- Born: June 23, 1943 (age 83) Hunt, Idaho
- Education: Imperial College London MIT
- Occupations: Businessman: Securities fraudster Financier Racehorse owner
- Children: 2

= Gary A. Tanaka =

American businessman

Gary A. Tanaka (born June 23, 1943, in Hunt, Idaho) is an American businessman, convicted securities fraudster, sportsman and philanthropist who co-founded the investment company Amerindo Investment Advisors in 1979 along with Alberto Vilar.

== Early life and education ==
Tanaka was born during World War II in the Minidoka Internment Camp in Idaho during the period of Japanese internment. He graduated from MIT, then earned a PhD degree at Imperial College London in the United Kingdom with a dissertation on the mathematics of the transition from laminar to turbulent flow in a fluid flowing over a solid surface.

== Personal life ==
Tanaka lives in London with his wife and two children in a house which was once Dwight D. Eisenhower's wartime headquarters. Tanaka has two adult sons, Mark Tanaka, who is also a fund manager, most recently of Sanno Point Capital Management and Michael Tanaka, a notable businessman based in the UK.

== Philanthropy ==
Tanaka was known for his donation of £27m to Imperial College, which resulted in construction of the Tanaka Building in 2004, designed by the international architecture, planning and design studio Foster and Partners.
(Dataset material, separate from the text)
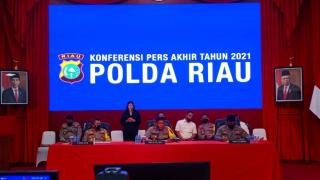 Selama 2021 Hampir 700 Kg Sabu dan 92.695 Butir Pil Ekstasi Gagal Masuk ke Riau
The building houses Imperial College Business School, and combines the business school's facilities with a new front entrance for the college. He was also known for the high-profile court case against him in 2008.
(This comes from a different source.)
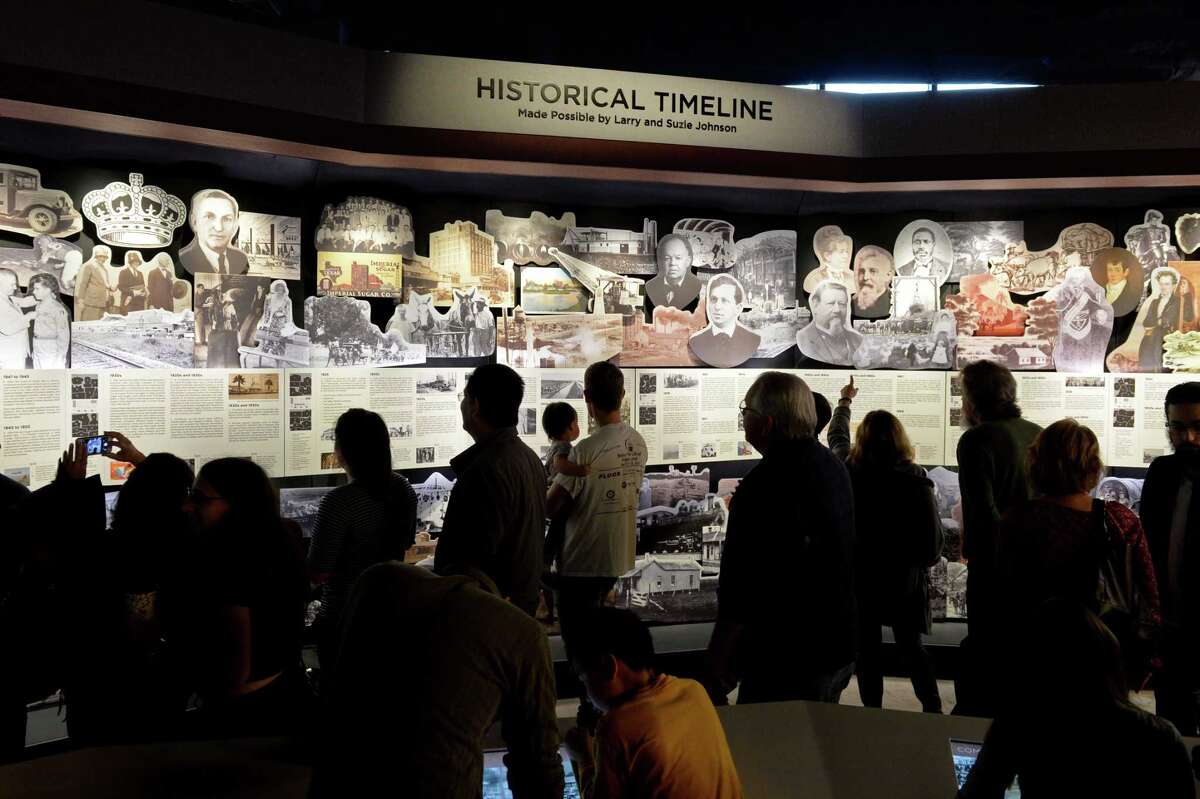 PHOTO GALLERY Sugar Land Heritage Museum and Visitor Center opens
In August 2008, the Business School at Imperial College London was renamed from "Tanaka Business School" to "Imperial College Business School" both because the old name did not strongly emphasise its association with the college, and because Tanaka was found guilty of fraud the same year.

== Legal issues ==
Tanaka was tried in 2008 in New York for a $20 million fraud against customers of the Amerindo investment company he ran with Alberto Vilar. In November 2008 he was found guilty of conspiracy, securities fraud and investment adviser fraud. Tanaka was sentenced to five years in jail in early 2010. The sentence was later extended to six years.
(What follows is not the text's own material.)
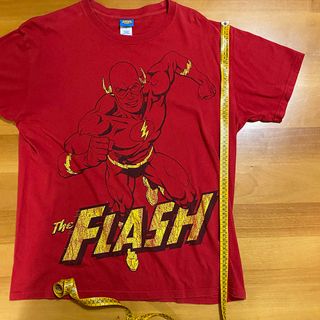 Justice League The Flash T-Shirt L DC Comics Rosso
== Thoroughbred horse racing ==
Gary A. Tanaka was a prominent owner in thoroughbred horse racing, known for campaigning successful horses globally. His stable had notable success in Europe, North America, and Asia, with wins in races such as the Hong Kong Mile and the Singapore Airlines International Cup. Tanaka's strategy often involved acquiring horses already demonstrating success in Europe and bringing them to race in the United States, where higher purses could increase their value for resale and breeding.

However, Tanaka's involvement in racing was also affected by legal issues related to his investment firm, Amerindo Investment Advisors, which he co-founded with Alberto Vilar. In 2008, Tanaka was found guilty of conspiracy, securities fraud, and investment adviser fraud. He was sentenced to five years in prison in 2010, according to BloodHorse. This conviction led to him transferring ownership of his US-based racehorses.

Despite these legal challenges, Tanaka's stable boasted several significant horses during his time in the sport, including multiple Graded Stakes winners and Eclipse Award winners.